Blaney havia sido engenheiro de som em "Combat Rock", do Clash, e rapidamente atendeu ao chamado telefônico prometendo ir ao estúdio no dia seguinte. A conversa fluiu, Garcia mostrou os álbuns lançados até ali e algumas das demos em que havia trabalhado nos últimos meses. O futuro produtor tinha muitas questões sobre o método de gravação de Garcia, porque, com toda experiência, nunca ouviu nada parecido. Quando soube que ele era argentino, a coisa não ficou muito melhor. Mas topou.

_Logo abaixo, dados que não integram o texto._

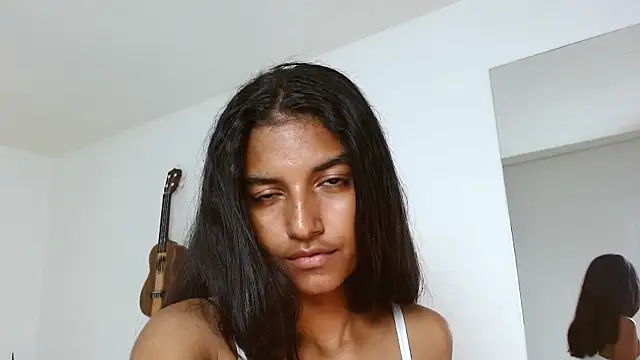 YuliethPetite online show from 03.16.25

O trabalho começou com Garcia no vocal e instrumentos diversos e Aznar no baixo. A princípio, a ideia era montar uma banda em estúdio para gravar, o que não funcionou. Baterista experiente e parte de banda do virtuoso músico tchecoeslovaco Jon Hammer, Tony Smith apareceu no estúdio e simplesmente não dava liga. Blaney não teve outra escolha a não ser sugerir manter como a demo havia sido feita, com a bateria eletrônica. Garcia concordou rapidamente, para não perder tempo e dinheiro em uma sessão no caro estúdio.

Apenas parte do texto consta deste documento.